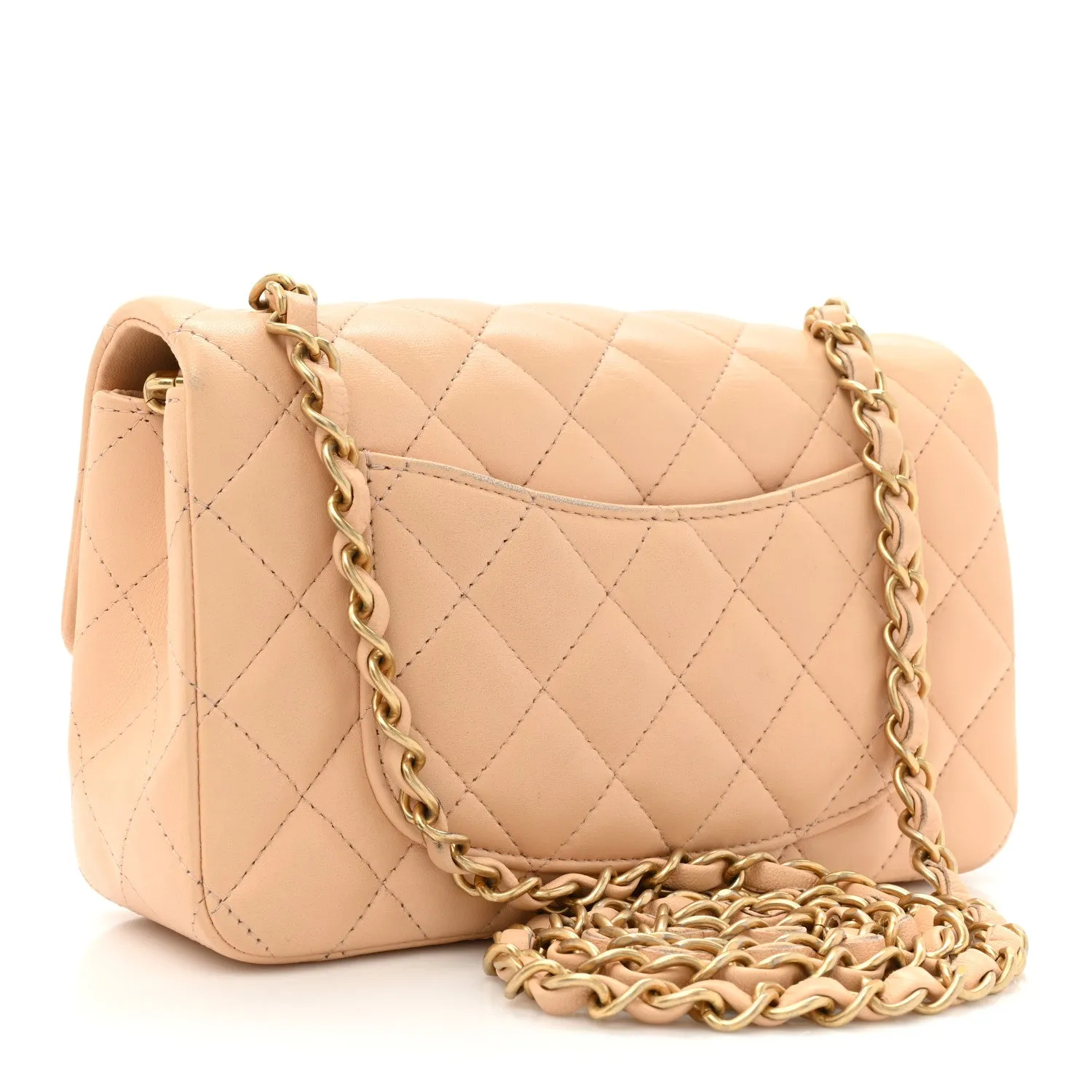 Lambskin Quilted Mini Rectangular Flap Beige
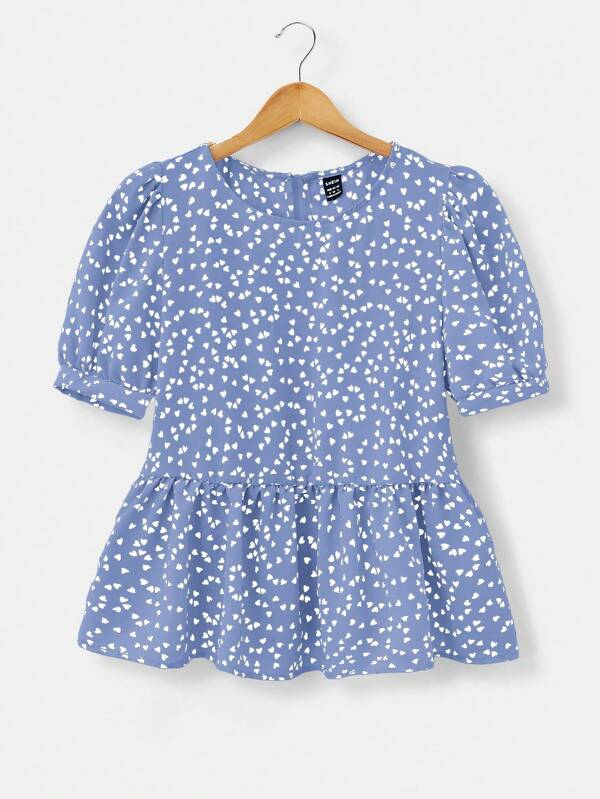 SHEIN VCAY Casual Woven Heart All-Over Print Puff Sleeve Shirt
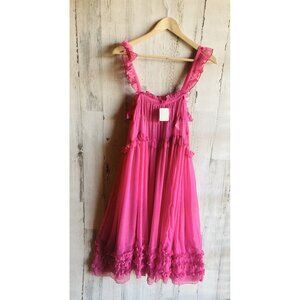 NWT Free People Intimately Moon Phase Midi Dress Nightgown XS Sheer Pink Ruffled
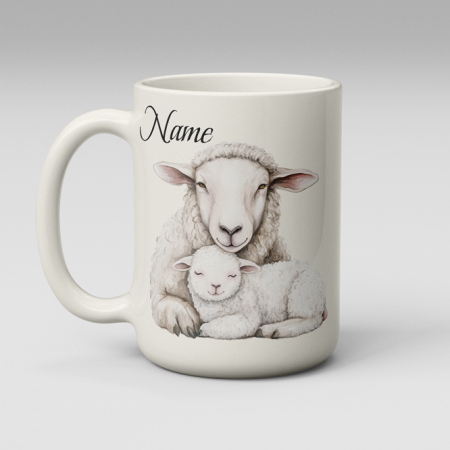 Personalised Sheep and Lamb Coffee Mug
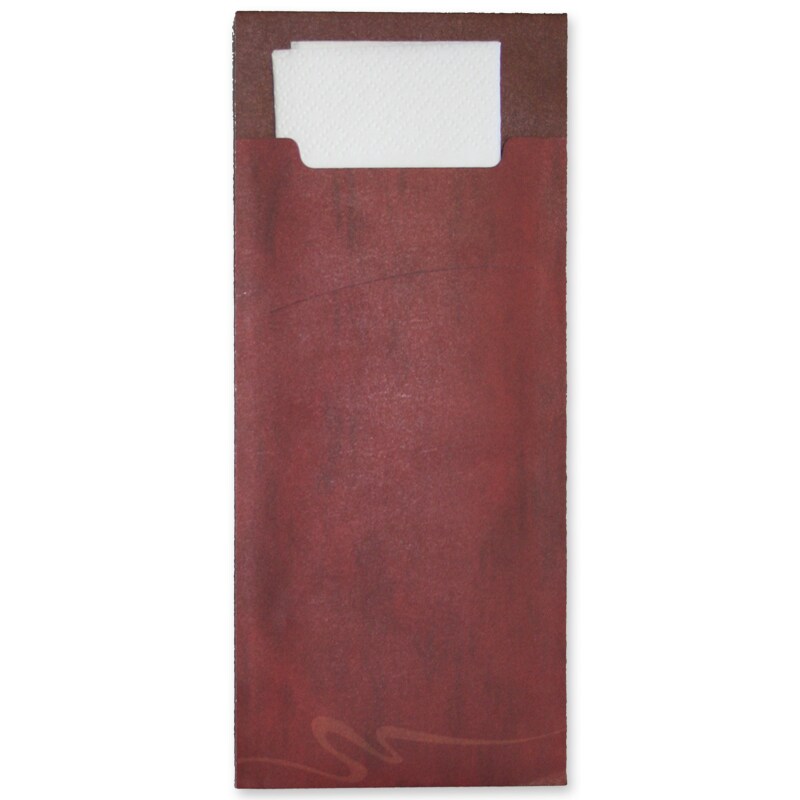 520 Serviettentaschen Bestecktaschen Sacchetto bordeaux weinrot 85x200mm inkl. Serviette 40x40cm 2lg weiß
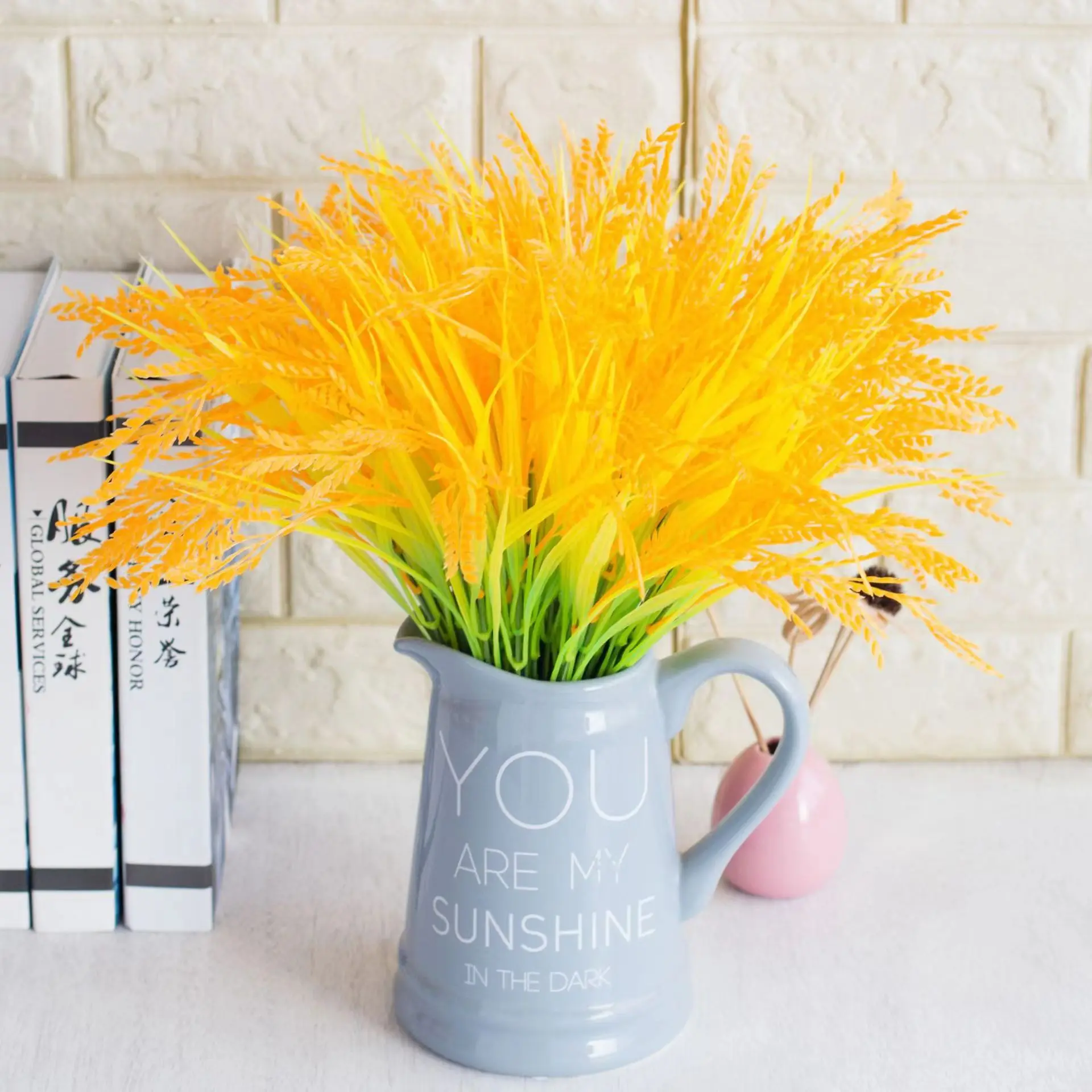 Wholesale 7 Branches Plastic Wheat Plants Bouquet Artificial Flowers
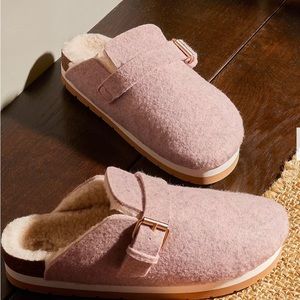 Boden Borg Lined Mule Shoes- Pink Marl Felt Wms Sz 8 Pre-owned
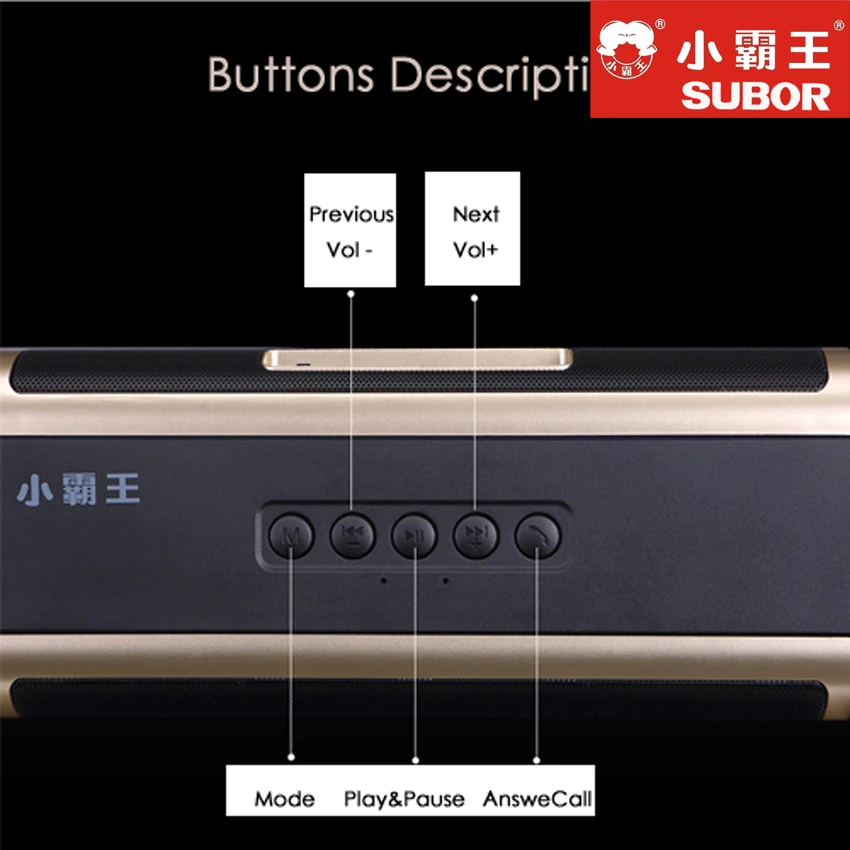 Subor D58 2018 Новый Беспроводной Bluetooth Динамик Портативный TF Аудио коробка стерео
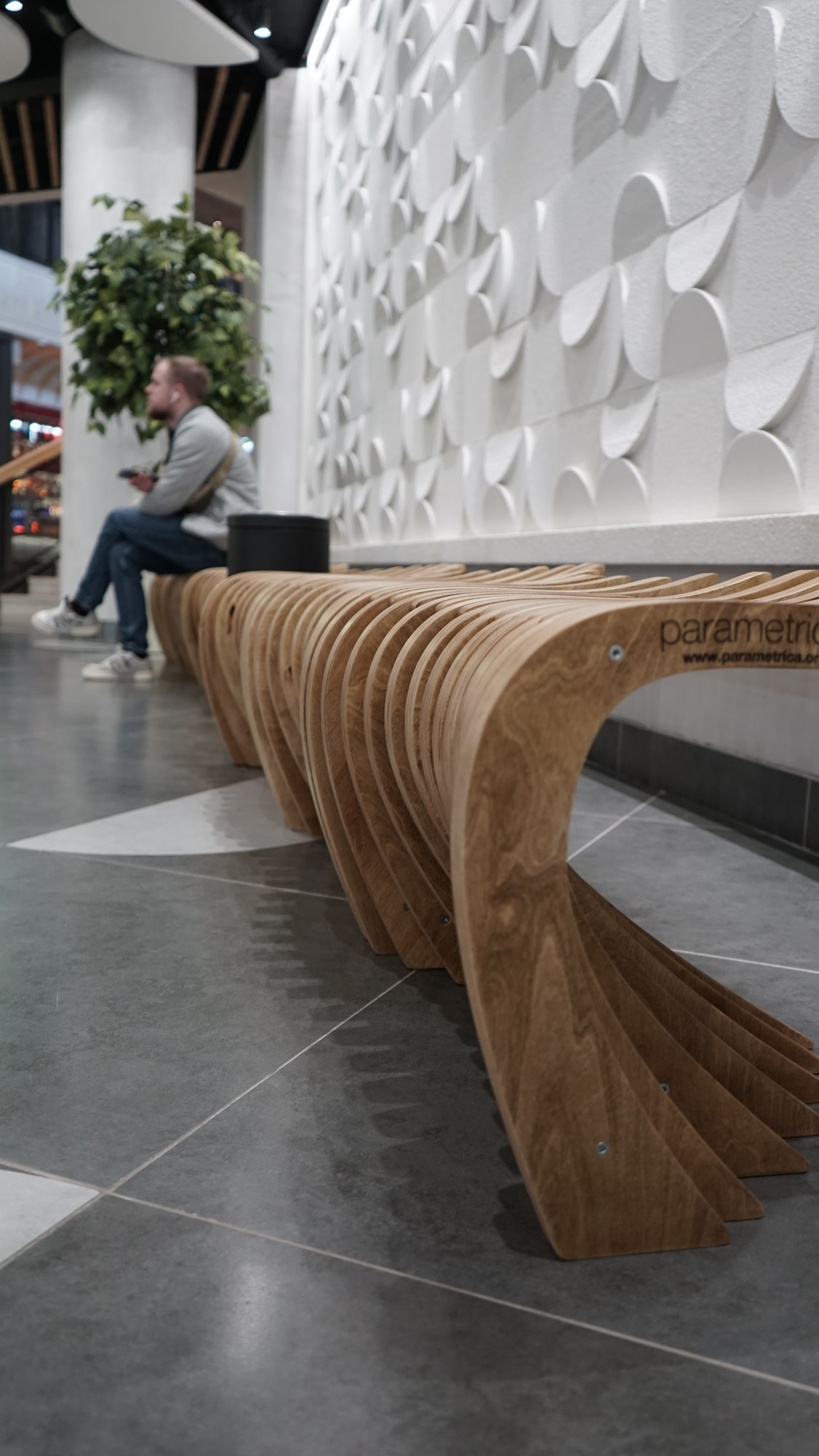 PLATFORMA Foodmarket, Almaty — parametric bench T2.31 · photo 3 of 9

+--

Task details
Exclude the pictures and print the rest of the data exactly.

Exercise answer
 Lambskin Quilted Mini Rectangular Flap Beige
 SHEIN VCAY Casual Woven Heart All-Over Print Puff Sleeve Shirt
 NWT Free People Intimately Moon Phase Midi Dress Nightgown XS Sheer Pink Ruffled
 Personalised Sheep and Lamb Coffee Mug
 520 Serviettentaschen Bestecktaschen Sacchetto bordeaux weinrot 85x200mm inkl. Serviette 40x40cm 2lg weiß
 Wholesale 7 Branches Plastic Wheat Plants Bouquet Artificial Flowers
 Boden Borg Lined Mule Shoes- Pink Marl Felt Wms Sz 8 Pre-owned
 Subor D58 2018 Новый Беспроводной Bluetooth Динамик Портативный TF Аудио коробка стерео
 PLATFORMA Foodmarket, Almaty — parametric bench T2.31 · photo 3 of 9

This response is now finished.